Smith and his colleagues hope to make up for those costs by relying more on nurse practitioners for routine care and by providing lucrative ancillary services such as MRI scans and physical and occupational therapy themselves, rather than relying on a hospital.
"The way health-care reimbursements work now, these ancillary activities are more profitable than the patient seeing the doctor in their office," said MS Hub administrative director Michael Uradnik.
They also plan to hold down costs by relying on electronic patient record-keeping that will allow patients to use a secure Web portal to schedule appointments, check billings and communicate with their doctors.
MS Hub, whose nonprofit status is pending, has established a foundation board to help with its fund-raising campaign and an operating board to help hone its business plan. If the hub is successful as a comprehensive treatment center for MS patients, Loh said Swedish would not duplicate its services. Other medical centers may take the same approach. That would allow the MS hub to capture most of the revenue from patient treatment while allowing hospitals to cut infrastructure costs.
The hub is in its startup phase and will be working out its relationships with area hospitals going forward. It does plan to work closely with Veterans Affairs medical centers in Seattle and Portland, which are collaborating to improve MS patient care under a four-year federal grant establishing a regional MS medical center for excellence.
The MS Medical Hub grew out of an informal dinner club where local doctors specializing in treating MS could talk about their most difficult cases and share ideas for treatment.

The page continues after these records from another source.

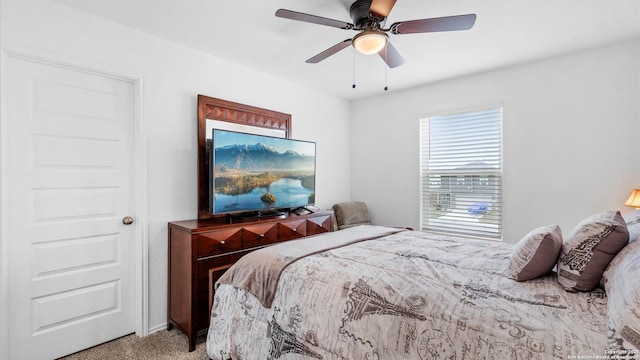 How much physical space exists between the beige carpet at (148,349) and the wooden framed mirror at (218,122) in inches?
41.6

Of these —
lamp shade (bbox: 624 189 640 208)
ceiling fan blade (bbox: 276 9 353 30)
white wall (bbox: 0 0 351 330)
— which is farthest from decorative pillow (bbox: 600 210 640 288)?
white wall (bbox: 0 0 351 330)

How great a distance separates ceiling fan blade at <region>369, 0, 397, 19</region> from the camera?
1759 mm

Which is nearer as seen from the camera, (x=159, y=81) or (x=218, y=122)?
(x=159, y=81)

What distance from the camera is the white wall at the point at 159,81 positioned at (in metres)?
2.12

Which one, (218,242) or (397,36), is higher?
(397,36)

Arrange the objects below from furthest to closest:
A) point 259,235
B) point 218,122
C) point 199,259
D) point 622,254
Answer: point 218,122, point 259,235, point 199,259, point 622,254

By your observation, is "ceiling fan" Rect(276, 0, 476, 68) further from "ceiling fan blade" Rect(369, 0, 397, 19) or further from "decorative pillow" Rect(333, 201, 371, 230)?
"decorative pillow" Rect(333, 201, 371, 230)

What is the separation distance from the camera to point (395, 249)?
208 centimetres

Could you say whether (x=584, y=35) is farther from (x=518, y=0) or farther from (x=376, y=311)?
(x=376, y=311)

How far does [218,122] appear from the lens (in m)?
3.10

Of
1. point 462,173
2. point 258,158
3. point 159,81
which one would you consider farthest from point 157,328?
point 462,173

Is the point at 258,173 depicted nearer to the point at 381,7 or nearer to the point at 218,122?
the point at 218,122

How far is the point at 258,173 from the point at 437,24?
206cm

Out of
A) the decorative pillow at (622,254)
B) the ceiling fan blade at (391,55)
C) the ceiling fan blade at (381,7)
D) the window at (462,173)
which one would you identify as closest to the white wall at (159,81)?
the ceiling fan blade at (391,55) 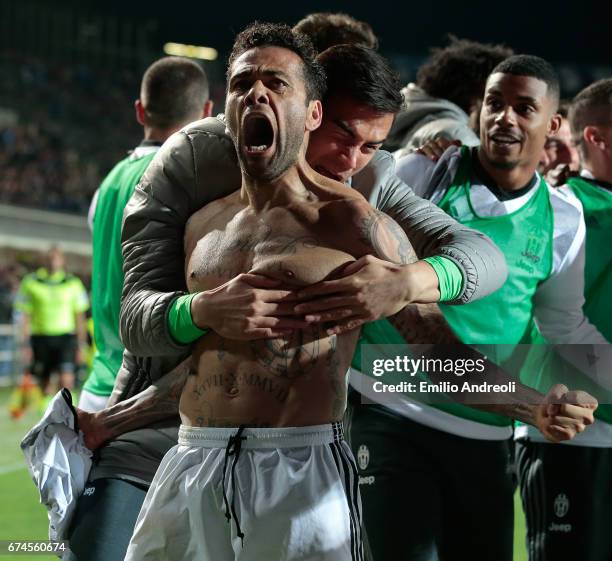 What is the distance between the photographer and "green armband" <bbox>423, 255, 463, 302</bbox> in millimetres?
2367

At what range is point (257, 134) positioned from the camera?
2.38m

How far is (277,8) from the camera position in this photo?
32250 mm

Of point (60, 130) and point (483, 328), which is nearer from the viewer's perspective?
point (483, 328)

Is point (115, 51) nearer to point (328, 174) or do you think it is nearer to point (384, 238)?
point (328, 174)

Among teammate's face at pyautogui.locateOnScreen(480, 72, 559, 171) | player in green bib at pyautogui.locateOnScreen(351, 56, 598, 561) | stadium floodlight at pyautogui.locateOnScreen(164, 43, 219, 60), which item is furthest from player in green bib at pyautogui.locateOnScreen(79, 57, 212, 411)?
stadium floodlight at pyautogui.locateOnScreen(164, 43, 219, 60)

"One of the biggest challenges they had was the high incidence of MS relative to the proportionally small number of doctors available to care for persons with MS," said Patty Shepherd-Barnes, president of the Greater Washington chapter of the National MS Society, which also raised the issue at a board retreat three years ago.
Because there are so many MS cases here, it can take as long as six months for a newly diagnosed patient to be seen by a neurologist specializing in MS, Shepherd-Barnes said.
The MS Society will work with the MS Hub to provide educational materials. The MS Hub's plans include operating an on-site multimedia learning center and a Telehealth program integrated with a nationwide consortium of MS centers.
No margin, no mission
A key challenge will be tweezing better reimbursements out of insurers. Uradnik plans to argue the MS Hub provides more comprehensive care that will produce better outcomes, reducing the need for more costly hospital care.
"We have a critical mass of MS patients and that should mean something to those insurance companies we work with," Uradnik said.
But it may be difficult to persuade publicly funded insurance plans, such as Medicare and Medicaid, that typically provide substantially lower reimbursements for their care, said Bob Perna, director of health-care economics for the Washington State Medical Association.
"What we've seen is very often the cost of delivering care outstrips the revenue stream that comes from seeing those patients. A number of practitioners have gotten themselves into difficulty and some even have closed as a result of having too open an access portal for patients," Perna said. "It's a sad commentary but if the delivery network is to stay viable there has to be some degree of screening and constraint to maintain some healthy economic balance."
But Smith expects the hub's business model will allow it to subsidize care for patients who cannot afford the cost of treatment.
"This has never been done -- and there are many reasons it's never been
done -- all of which is putting gray hairs on my head," Smith said.